_EXCERPTED RECORDS_
● ● ● ● ● ● ●

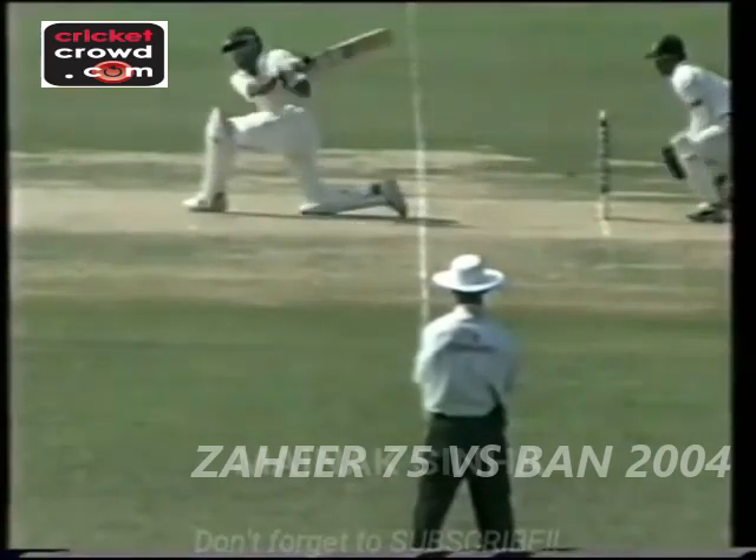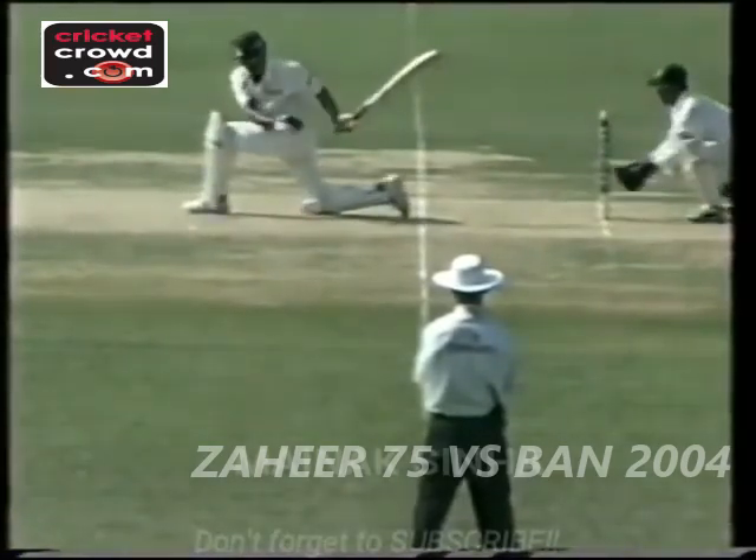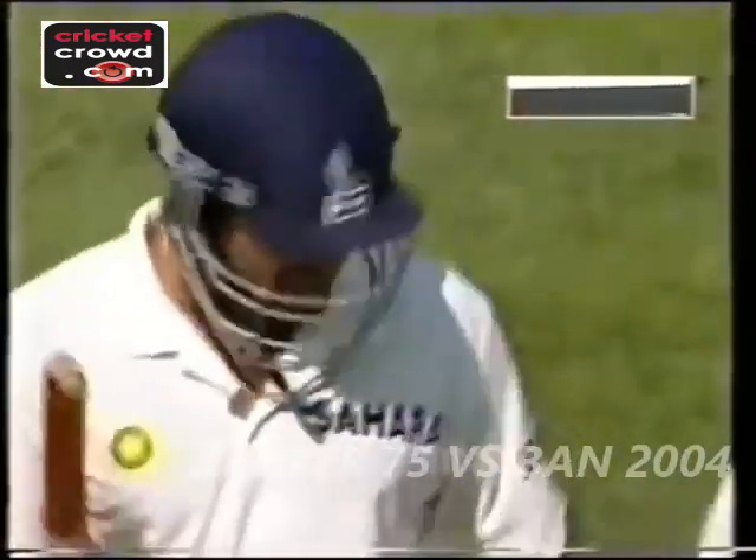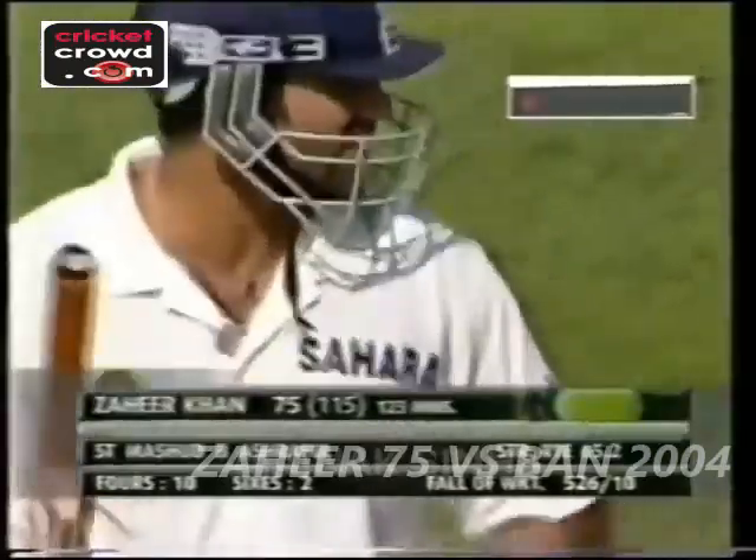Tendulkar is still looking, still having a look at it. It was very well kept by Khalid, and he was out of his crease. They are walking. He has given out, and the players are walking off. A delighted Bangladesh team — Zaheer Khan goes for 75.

● ● ● ● ● ● ●

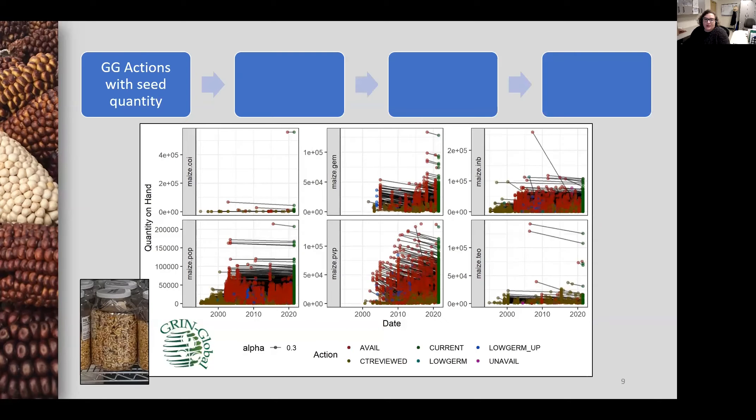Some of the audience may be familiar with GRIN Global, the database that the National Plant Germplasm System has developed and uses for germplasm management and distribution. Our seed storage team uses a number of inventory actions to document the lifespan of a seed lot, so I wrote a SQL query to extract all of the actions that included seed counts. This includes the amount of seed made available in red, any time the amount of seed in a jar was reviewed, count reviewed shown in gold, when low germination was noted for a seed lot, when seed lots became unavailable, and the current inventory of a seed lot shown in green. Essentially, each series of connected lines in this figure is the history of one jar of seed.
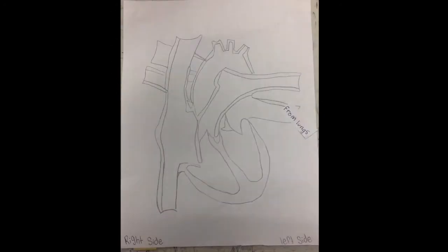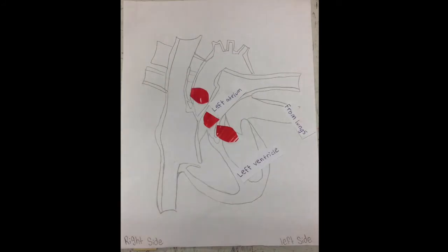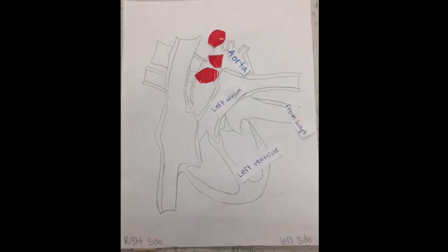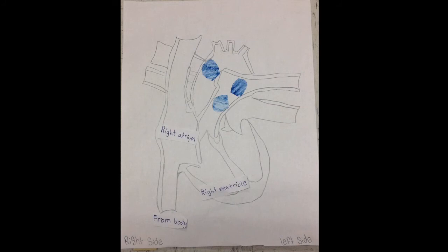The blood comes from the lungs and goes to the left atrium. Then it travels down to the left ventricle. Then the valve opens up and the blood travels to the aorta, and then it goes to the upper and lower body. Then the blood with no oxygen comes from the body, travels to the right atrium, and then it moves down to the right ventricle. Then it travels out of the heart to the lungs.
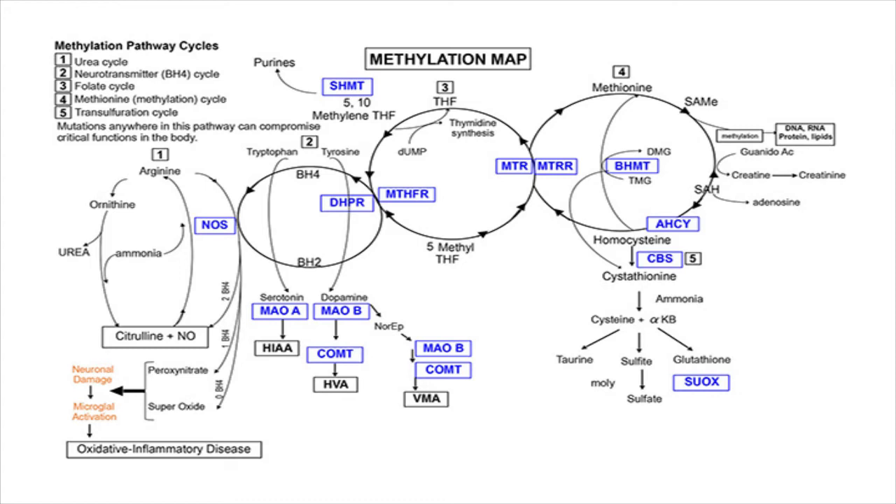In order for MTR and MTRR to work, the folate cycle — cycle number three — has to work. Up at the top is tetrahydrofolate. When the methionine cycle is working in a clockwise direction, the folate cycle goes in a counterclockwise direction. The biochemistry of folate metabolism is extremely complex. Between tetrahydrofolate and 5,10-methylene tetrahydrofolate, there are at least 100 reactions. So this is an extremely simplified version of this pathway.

● ● ● ● ● ● ●

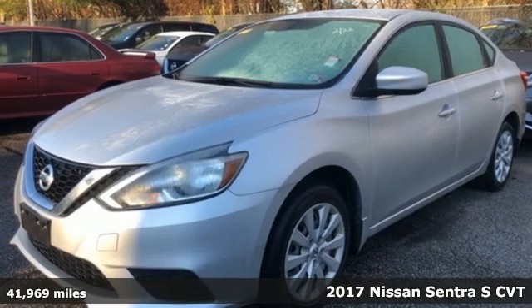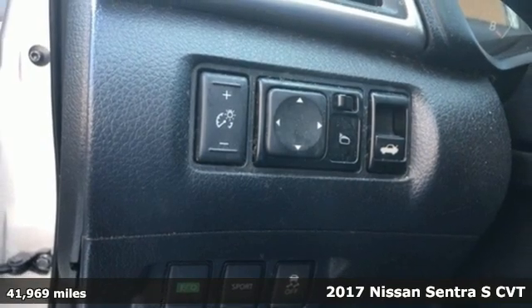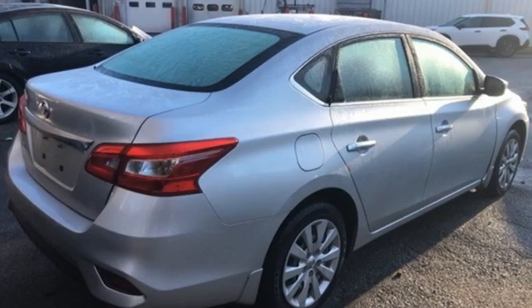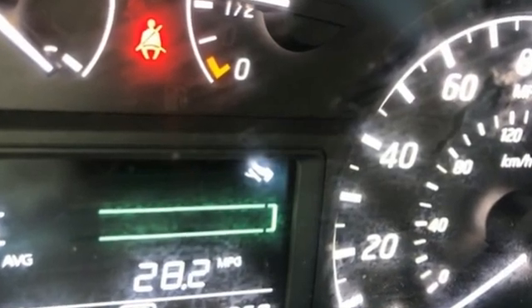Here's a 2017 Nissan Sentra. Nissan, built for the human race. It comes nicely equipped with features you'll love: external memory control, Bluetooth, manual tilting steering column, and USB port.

● ● ● ● ● ● ●

_WORK ORDER_
The answer must be the part of the records that opens with the line containing "The blood comes" and closes with the line containing "In order for", reproduced exactly, with no pictures.

_RESPONSE BOX_
The blood comes from the lungs and goes to the left atrium. Then it travels down to the left ventricle. Then the valve opens up and the blood travels to the aorta, and then it goes to the upper and lower body. Then the blood with no oxygen comes from the body, travels to the right atrium, and then it moves down to the right ventricle. Then it travels out of the heart to the lungs.
In order for MTR and MTRR to work, the folate cycle — cycle number three — has to work. Up at the top is tetrahydrofolate. When the methionine cycle is working in a clockwise direction, the folate cycle goes in a counterclockwise direction. The biochemistry of folate metabolism is extremely complex. Between tetrahydrofolate and 5,10-methylene tetrahydrofolate, there are at least 100 reactions. So this is an extremely simplified version of this pathway.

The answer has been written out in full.